The Trap by Melanie Raabe
Grand Central Publishing, 2016; 352 pp
Reviewed by CHarlie Riccardelli
Linda Conrads, the narrator of Melanie Raabe’s debut thriller The Trap, is a woman in crisis. Though she’s earned widespread acclaim as a writer, she’s spent the last eleven years living in seclusion at her home following the tragic murder of her sister. Linda has little hope in life until one day she thinks she recognizes the face of the man she saw fleeing the crime scene the night her sister died, a reporter named Lenzen. To trap him (and stay with me on this), Linda sets up an elaborate plot to write a novel mirroring the murder, have the killer in the novel be similar to Lenzen, publish the novel, request Lenzen do an exclusive interview with Linda about the book, then somehow wile a confession from him once he’s in her home.

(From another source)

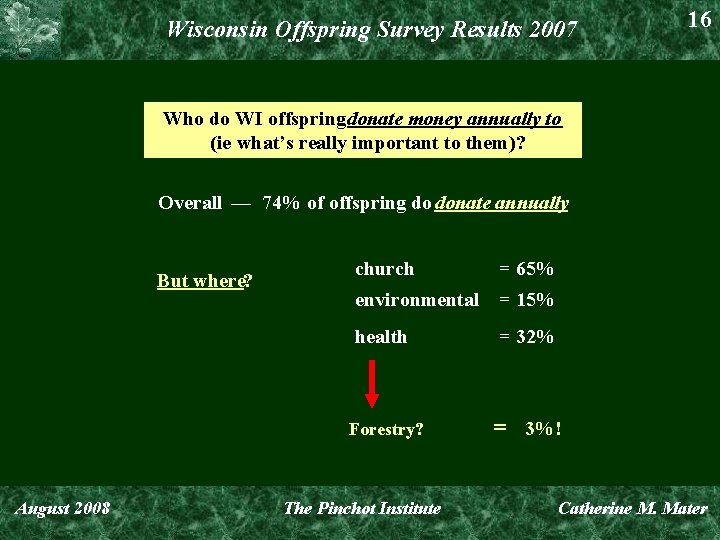 Wisconsin Offspring Survey Results 2007 16 Who do WI offspring donate money annually to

Sound ridiculous? It is. The Trap, translated from German, is an overly silly thriller without much forward momentum. Much of the book’s length is dedicated to planning and conducting the interview, with Linda treating the charade like a cat-and-mouse game, but once Lenzen arrives, it feels more like cat-and-cat, and I don’t mean cunning cats, but bored, tired cats that are vaguely territorial if only they could get up from their nap. The Trap is overloaded with arch dialogue, especially in the exhaustingly long interview scene, though these moments are almost a relief from the excerpts from Linda’s novel, rambling, dull passages the enlighten us in no way. When someone late in the book mentions, “The press hates the book, by the way,” I could sympathize.
The Trap has an outlandish premise, but if it were more dynamically written or even had developed the characters beyond their archetypes, the book could have packed more of a punch. Many of great thrillers need the prose more than the plot. Sadly, The Trap falls short in both departments.